- RECORDS
------------------------------------------------------------
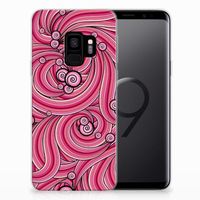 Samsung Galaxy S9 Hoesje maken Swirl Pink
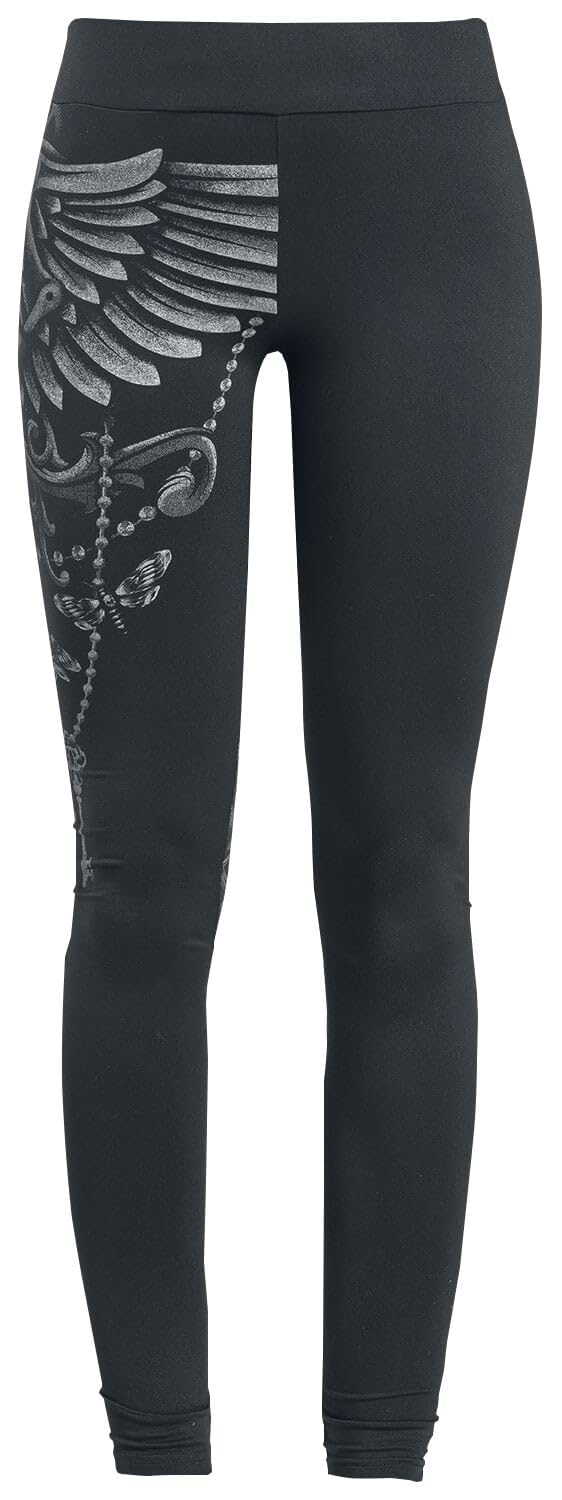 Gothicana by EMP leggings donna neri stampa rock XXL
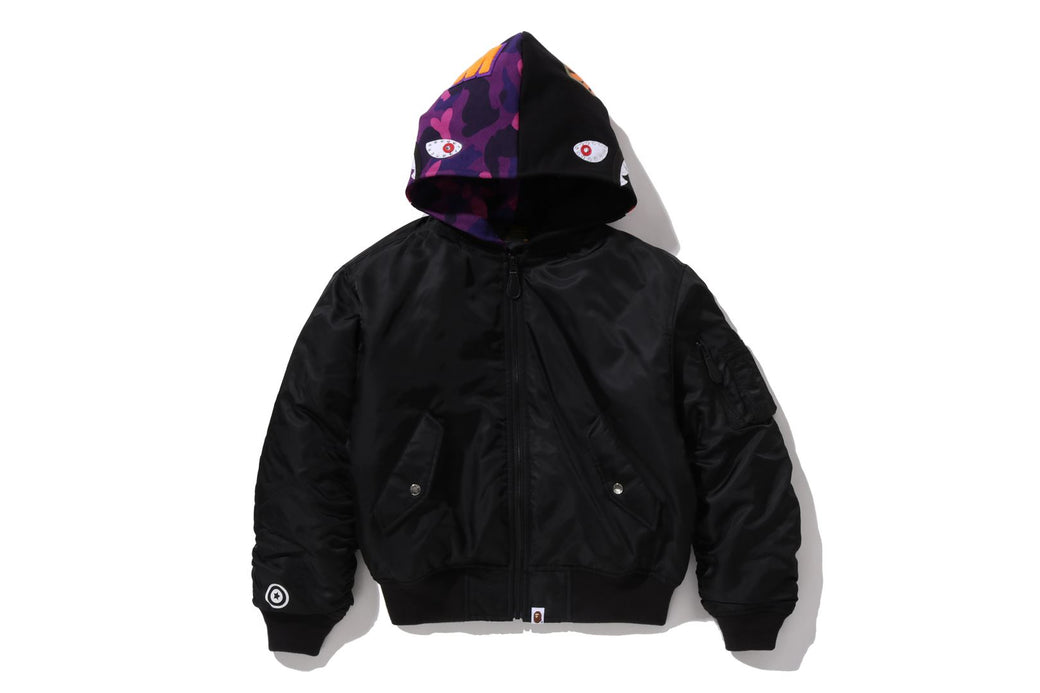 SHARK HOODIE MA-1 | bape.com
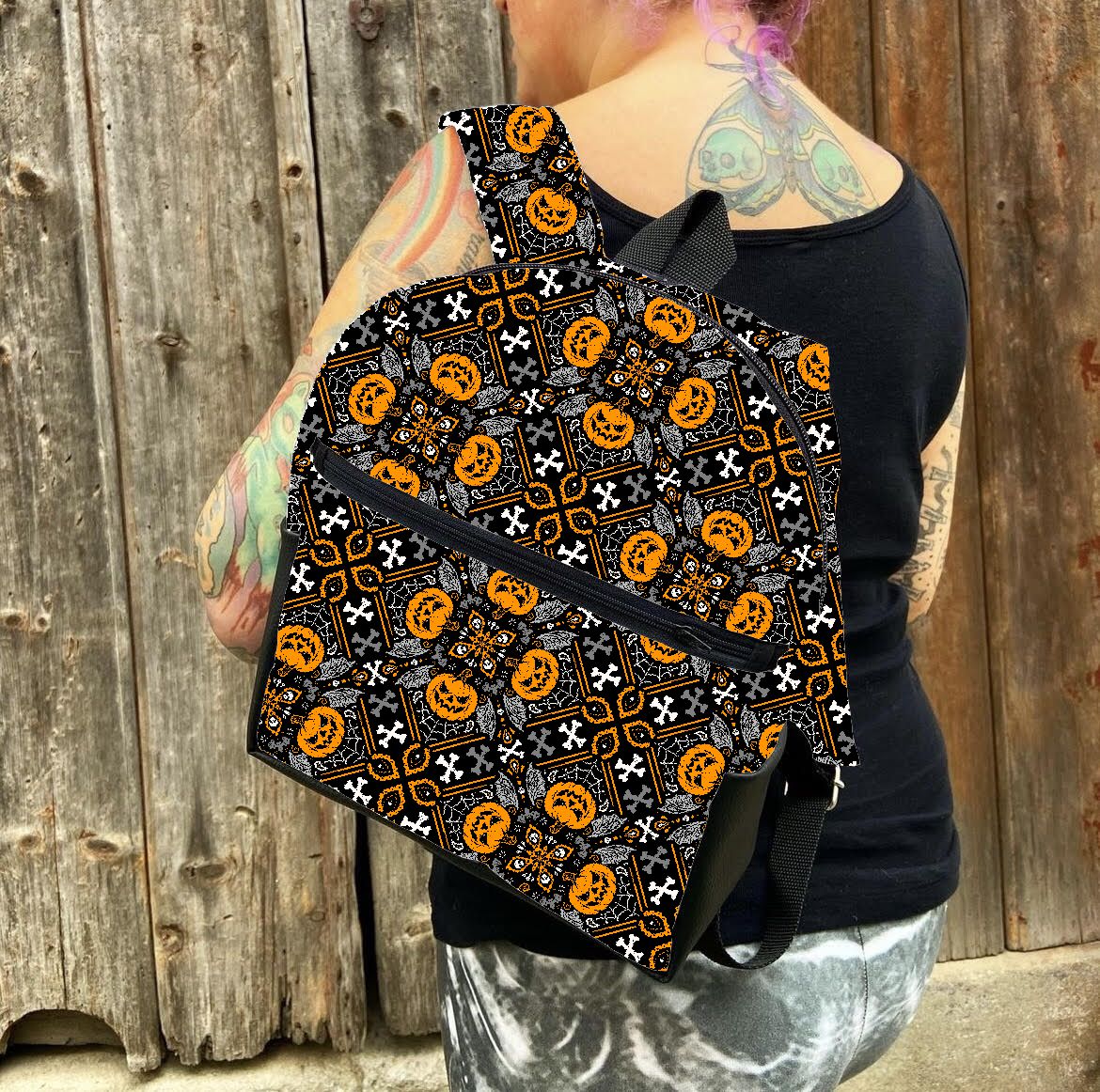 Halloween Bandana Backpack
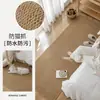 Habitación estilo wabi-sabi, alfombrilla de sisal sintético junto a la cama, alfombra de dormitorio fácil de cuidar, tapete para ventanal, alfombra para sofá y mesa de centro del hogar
------------------------------------------------------------
- PROBLEM STATEMENT
Your output should consist solely of the lines from the line containing "SHARK HOODIE MA-1 | bape.com" through the end of the data above, copied exactly, with images removed.

- PROBLEM SOLUTION
 SHARK HOODIE MA-1 | bape.com
 Halloween Bandana Backpack
 Habitación estilo wabi-sabi, alfombrilla de sisal sintético junto a la cama, alfombra de dormitorio fácil de cuidar, tapete para ventanal, alfombra para sofá y mesa de centro del hogar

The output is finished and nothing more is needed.